Keil and Delitzsch Commentary - Psalms 68:11 - 68:11

Online Resource Library

Commentary Index | Return to PrayerRequest.com

Keil and Delitzsch Commentary - Psalms 68:11 - 68:11


(Show All Books | Show All Chapters)

This Chapter Verse Commentaries:

The futures that now follow are no longer to be understood as referring to previous history; they no longer alternate with preterites. Moreover the transition to the language of address in Psa 68:14 shows that the poet here looks forth from his present time and circumstances into the future; and the introduction of the divine name אֲדֹנָי, after Elohim has been used eleven times, is an indication of a new commencement. The prosperous condition in which God places His church by giving it the hostile powers of the world as a spoil is depicted.
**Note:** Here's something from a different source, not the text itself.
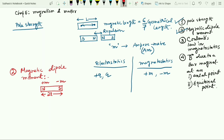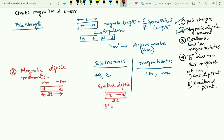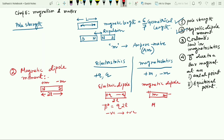Already in electrostatics, you have read about the electric dipole — plus Q and minus Q separated by distance 2L, and dipole moment P equals Q into 2L, with direction from negative to positive. Here also, magnetic dipole moment M equals m into 2L, where m is the pole strength. The direction of the magnetic dipole moment is from S pole to N pole.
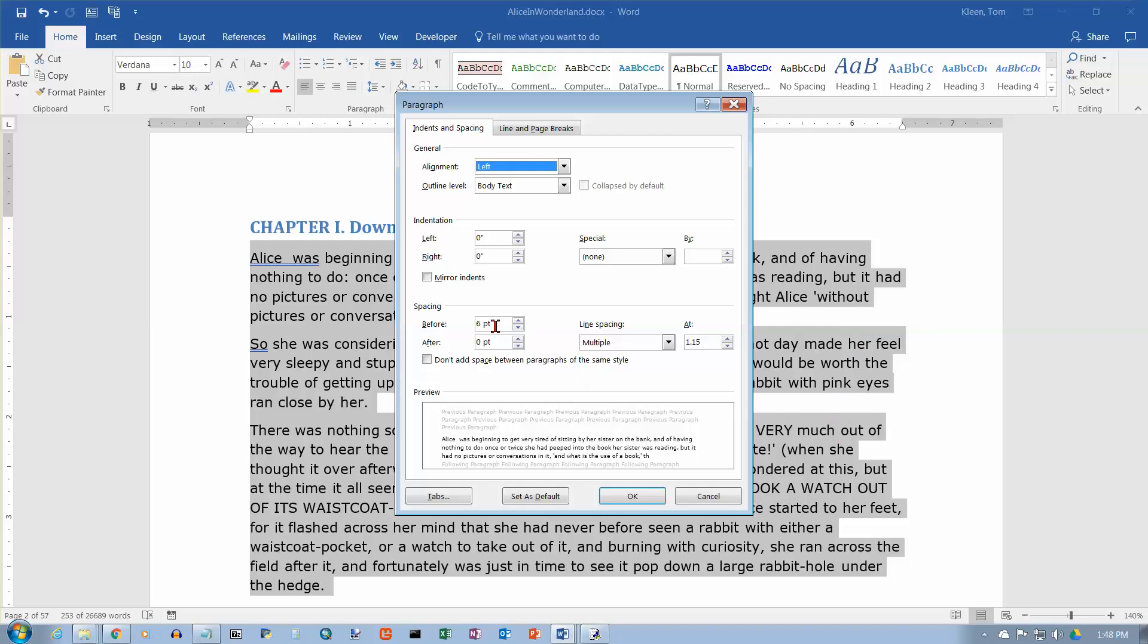And it turns out that that extra gray is six points, a point is one seventy-second of an inch, so we're talking about six seventy-seconds of an inch, or one twelfth of an inch added space before.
The noun אֹמֶר, never occurring in the genitival relationship, and never with a suffix, because the specific character of the form would be thereby obliterated, always denotes an important utterance, more particularly God's word of promise (Psa 77:9), or His word of power (Hab 3:9), which is represented elsewhere as a mighty voice of thunder (Psa 68:34, Isa 30:30), or a trumpet-blast (Zec 9:14); in the present instance it is the word of power by which the Lord suddenly changes the condition of His oppressed church. The entirely new state of things which this omnipotent behest as it were conjures into existence is presented to the mind in v. 12b: the women who proclaim the tidings of victory - a great host. Victory and triumph follow upon God's אֹמֶר, as upon His creative יְהִי. The deliverance of Israel from the army of Pharaoh, the deliverance out of the hand of Jabin by the defeat of Sisera, the victory of Jephthah over the Ammonites, and the victorious single combat of David with Goliath were celebrated by singing women. God's decisive word shall also go forth this time, and of the evangelists, like Miriam (Mirjam) and Deborah, there shall be a great host.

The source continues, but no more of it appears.